I had a recent Twitter exchange about a Monkey Cage post:

@LJZigerell @monkeycageblog Thanks. I was familiar with your disagreement with Ahlquist et al. but unlike you find the paper and broader scholarly consensus compelling.

— Henry Farrell (@henryfarrell) May 11, 2017

Below, I use statistical power calculations to explain why the Ahlquist et al. paper, or at least the list experiment analysis cited in the Monkey Cage post, is not compelling.

---

Discussing the paper (published version here), Henry Farrell wrote:

So in short, this research provides exactly as much evidence supporting the claim that millions of people are being kidnapped by space aliens to conduct personally invasive experiments on, as it does to support Trump's claim that millions of people are engaging in voter fraud.

However, a survey with a sample size of three would also not be able to differentiate the percentage of U.S. residents who commit vote fraud from the percentage of U.S. residents abducted by aliens. For studies that produce a null result, it is necessary to assess the ability of the study to detect an effect of a particular size, to get a sense of how informative that null result is.

The Ahlquist et al. paper has a footnote [31] that can be used to estimate the statistical power for their list experiments: more than 260,000 total participants would be needed for a list experiment to have 80% power to detect a 1 percentage point difference between treatment and control groups, using an alpha of 0.05. The power calculator here indicates that the corresponding estimated standard deviation is at least 0.91 [see note 1 below].

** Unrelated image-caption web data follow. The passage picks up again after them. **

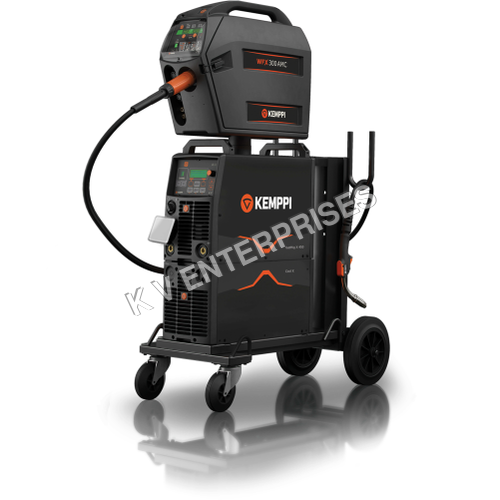 Intelligent Welding Machine - Stainless Steel, 240-380 Volt, Black | Advanced Fastmig X Setup For Demanding Applications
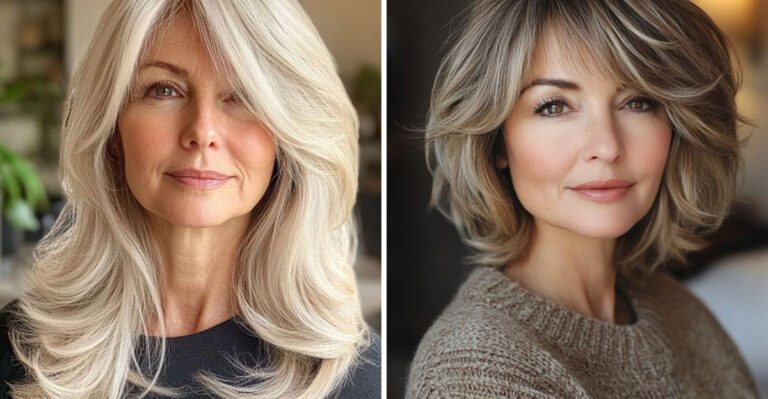 15 Quiet Luxury Hairstyles For Mature Women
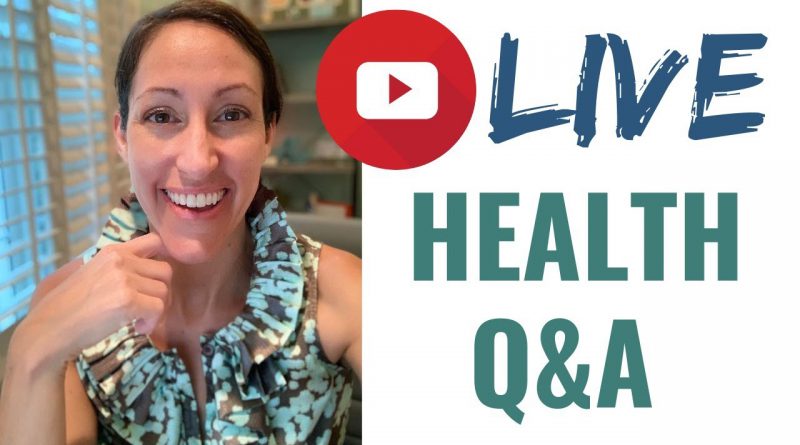 LIVE Q&A: Natural Health Tips with Dr Melissa Gallagher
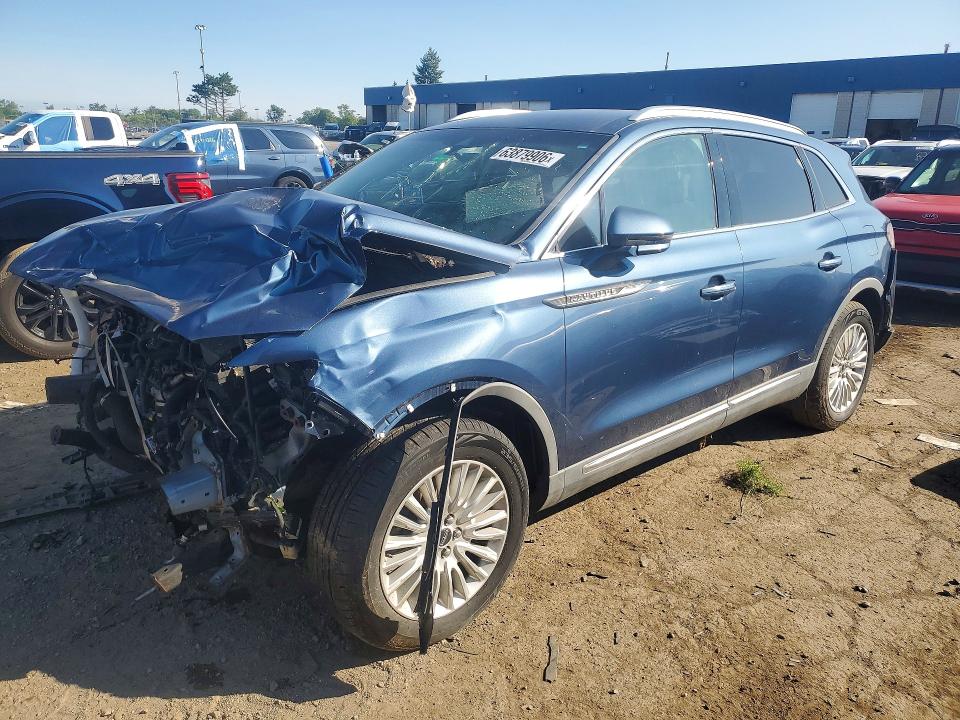 LINCOLN NAUTILUS 2019 with VIN 2LMPJ6J95KBL36403 - Photo from auction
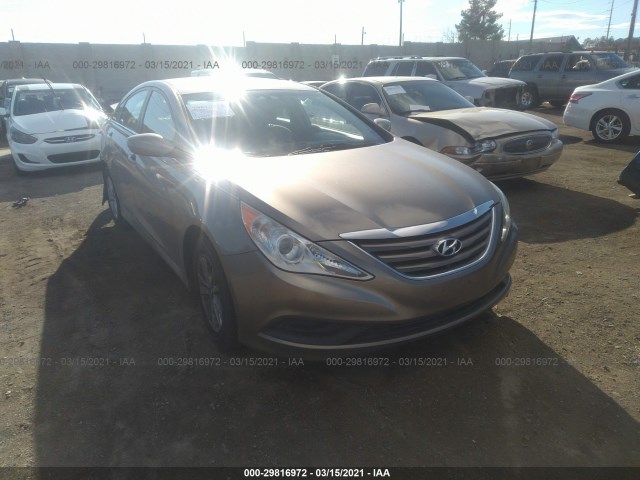 HYUNDAI SONATA 2014 5npeb4ac3eh939041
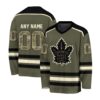 NHL Toronto Maple Leafs Special Camo V-neck Hockey Jersey FHJ301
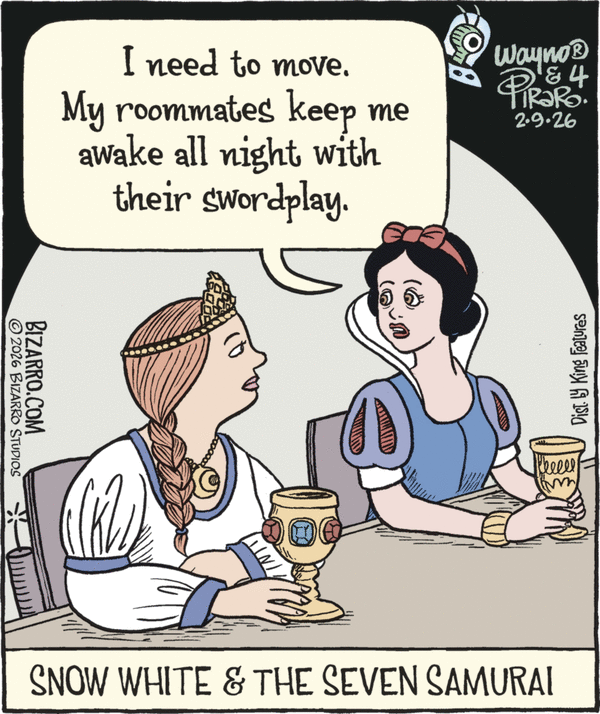 Bizarro for 2/9/2026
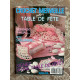 Crochet merveille pour table de fete n°3H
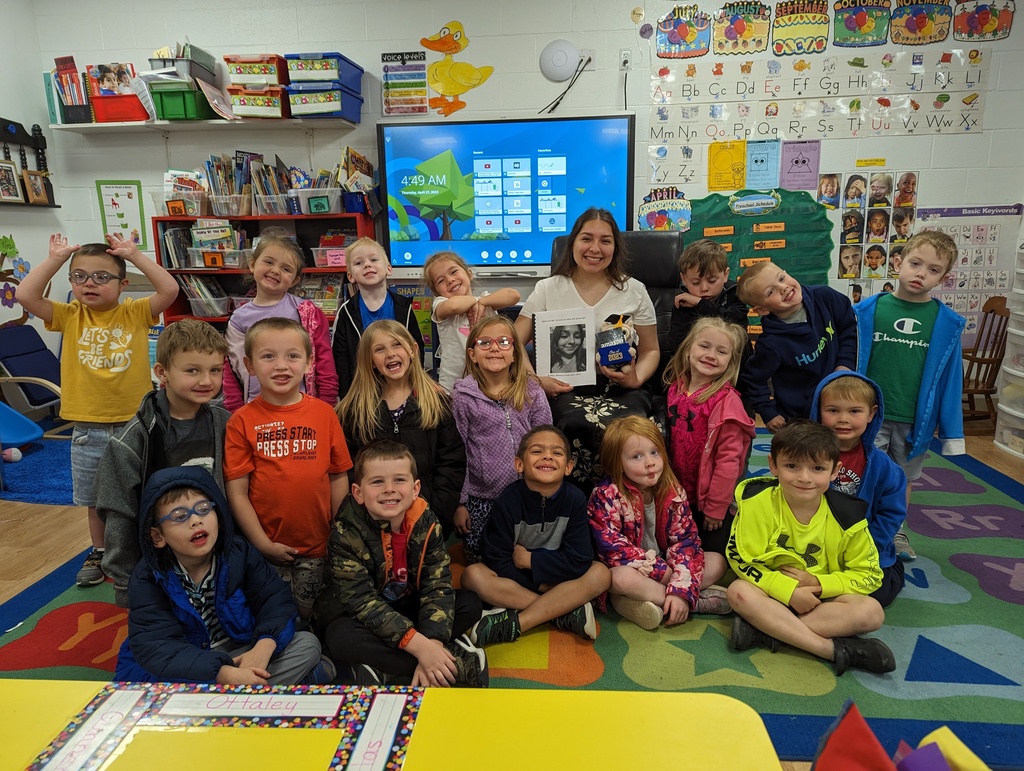 Miss Victoria's class
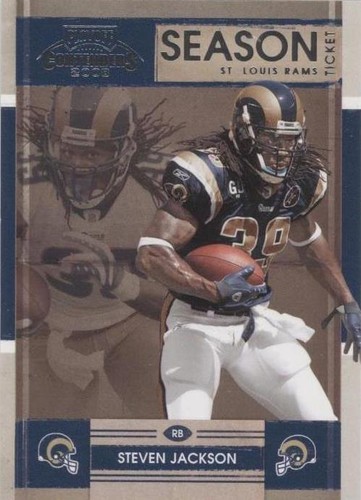 2008 Playoff Contenders Steven Jackson #90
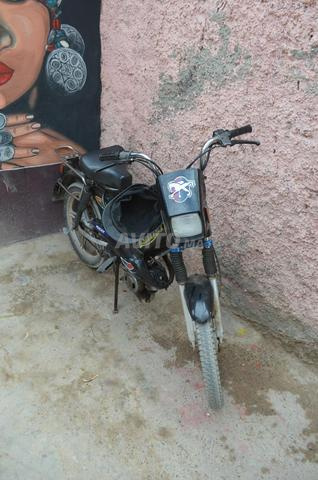 Moto à Agadir
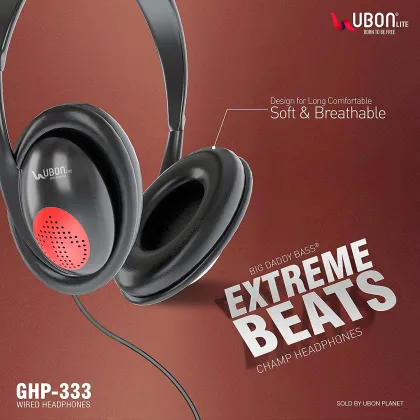 Ubon GHP-333 Wired Headphone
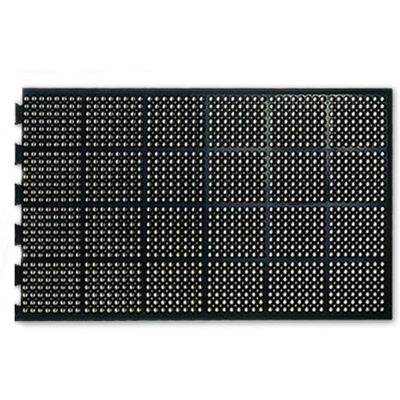 COBA Widerstandsfähige Gummimatte, 90 x 150 cm, schwarz COBA Widerstandsfähige Gummimatte, 90 x 150 cm, schwarz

So let's assume that list experiment participants are truthful and that we combine the 1,000 participants from the first Ahlquist et al. list experiment with the 3,000 participants from the second Ahlquist et al. list experiment, so that we'd have 2,000 participants in the control sample and 2,000 participants in the treatment sample. Statistical power calculations using an alpha of 0.05 and a standard deviation of 0.91 indicate that there is:

- a 5 percent chance of detecting a 1% rate of vote fraud.
- an 18 percent chance of detecting a 3% rate of vote fraud.
- a 41 percent chance of detecting a 5% rate of vote fraud.
- a 79 percent chance of detecting an 8% rate of vote fraud.
- a 94 percent chance of detecting a 10% rate of vote fraud.

---

Let's return to the claim that millions of U.S. residents committed vote fraud and use 5 million for the number of adult U.S. residents who committed vote fraud in the 2016 election, eliding the difference between illegal votes and illegal voters. There are roughly 234 million adult U.S. residents (reference), so 5 million vote fraudsters would be 2.1% of the adult population, and a 4,000-participant list experiment would have about an 11 percent chance of detecting that 2.1% rate of vote fraud.

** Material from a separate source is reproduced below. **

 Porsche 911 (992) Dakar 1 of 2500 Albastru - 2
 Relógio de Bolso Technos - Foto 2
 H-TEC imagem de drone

Therefore, if 5 million adult U.S. residents really did commit vote fraud, a list experiment with the sample size of the pooled Ahlquist et al. 2014 list experiments would produce a statistically-significant detection of vote fraud about 1 of every 9 times the list experiment was conducted. The fact that Ahlquist et al. 2014 didn't detect voter impersonation at a statistically-significant level doesn't appear to compel any particular belief about whether the rate of voter impersonation in the United States is large enough to influence the outcome of presidential elections.

---

NOTES

1. Enter 0.00 for mu1, 0.01 for mu2, 0.91 for sigma, 0.05 for alpha, and a 130,000 sample size for each sample; then hit Calculate. The power will be 0.80.

2. I previously discussed the Ahlquist et al. list experiments here and here. The second link indicates that an Ahlquist et al. 2014 list experiment did detect evidence of attempted vote buying.